** What you need to do **
The data below is to be transcribed word for word; pictures are to be excluded.

** Dataset section **
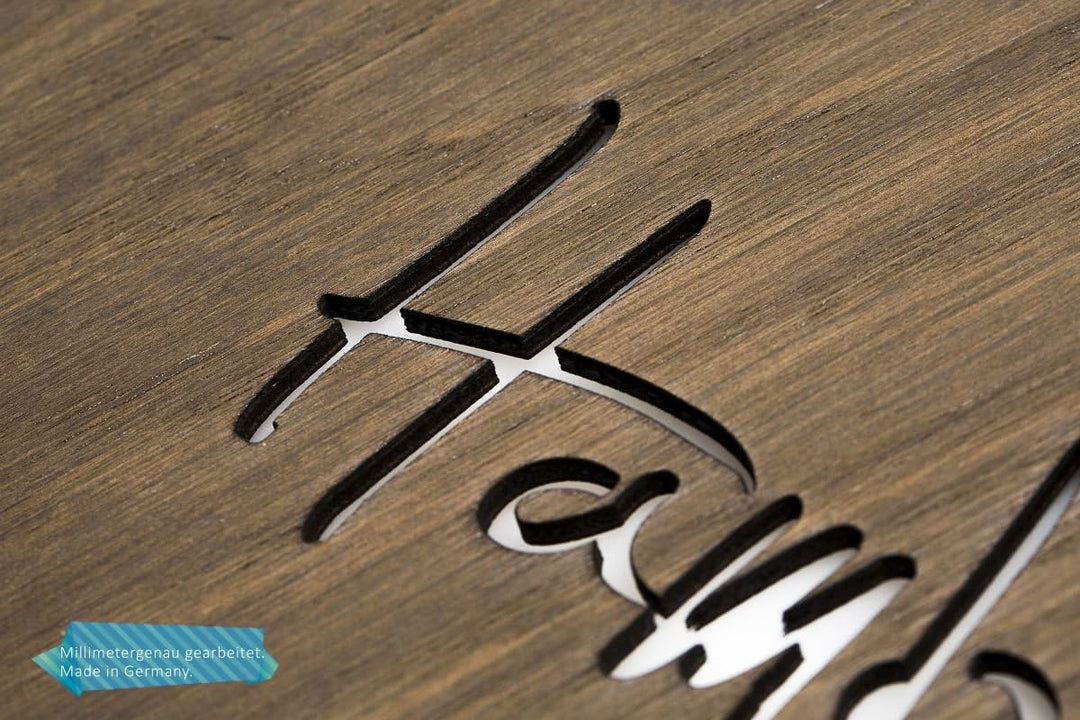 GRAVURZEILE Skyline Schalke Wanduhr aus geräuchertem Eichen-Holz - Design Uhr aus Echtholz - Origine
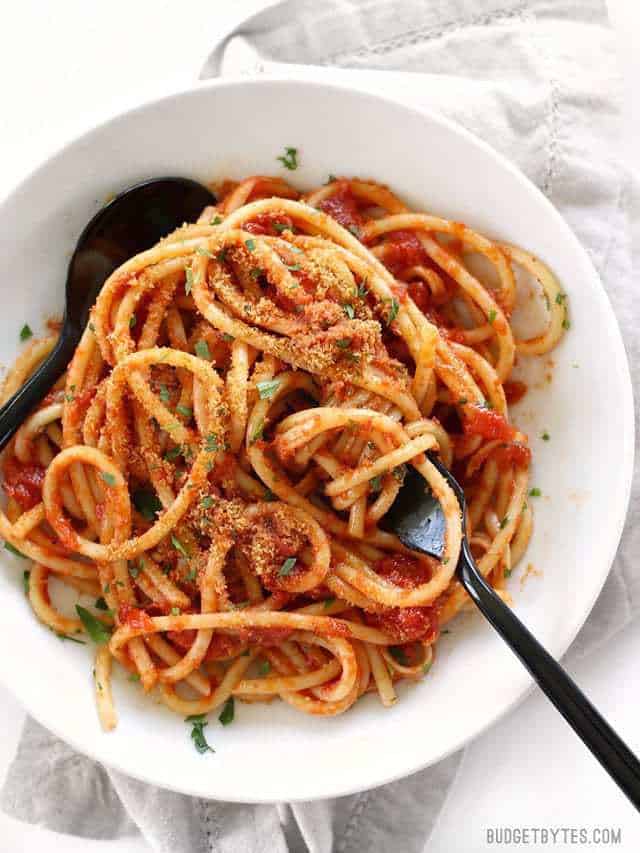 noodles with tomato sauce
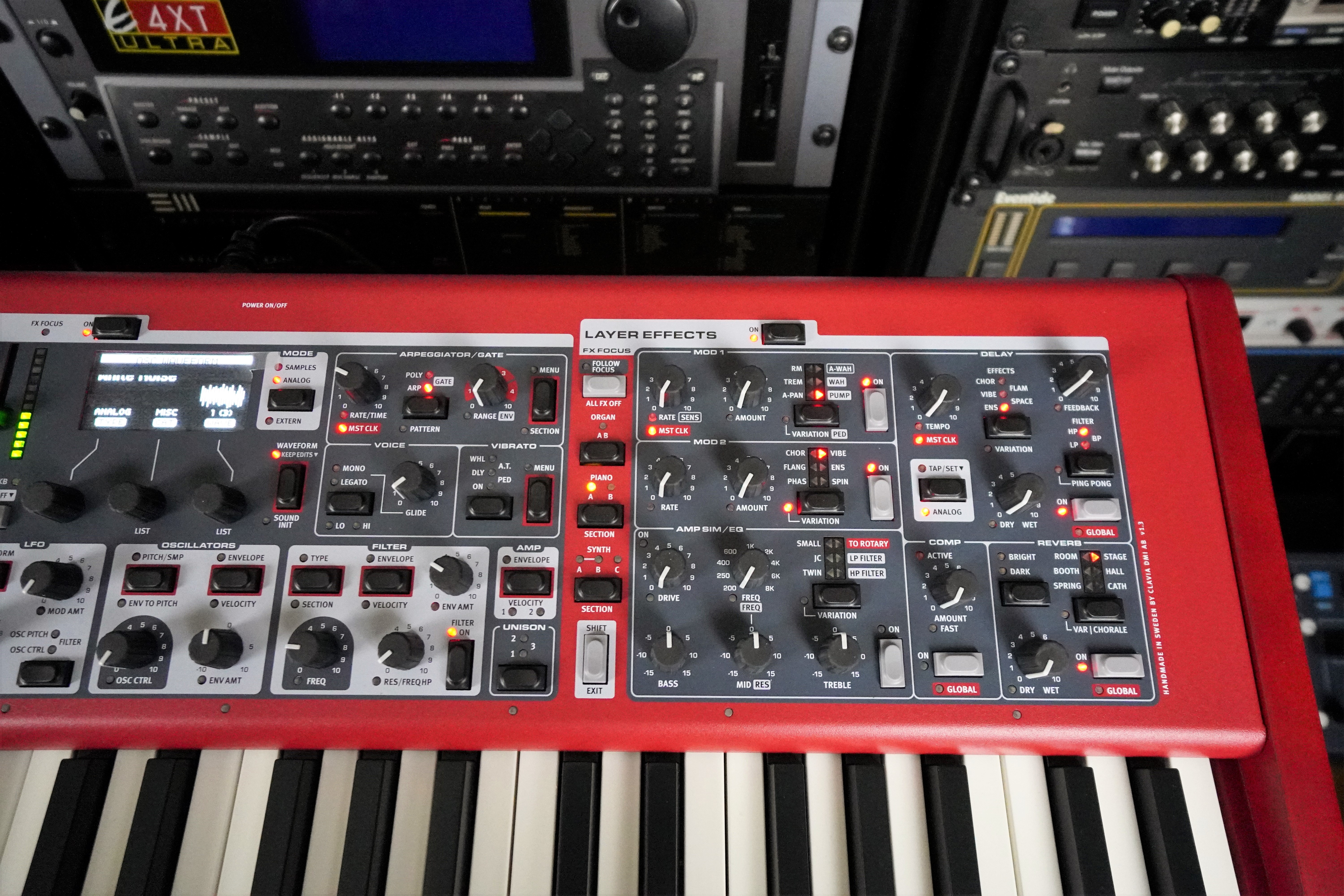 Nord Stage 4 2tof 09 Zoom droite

** Answer space **
 GRAVURZEILE Skyline Schalke Wanduhr aus geräuchertem Eichen-Holz - Design Uhr aus Echtholz - Origine
 noodles with tomato sauce
 Nord Stage 4 2tof 09 Zoom droite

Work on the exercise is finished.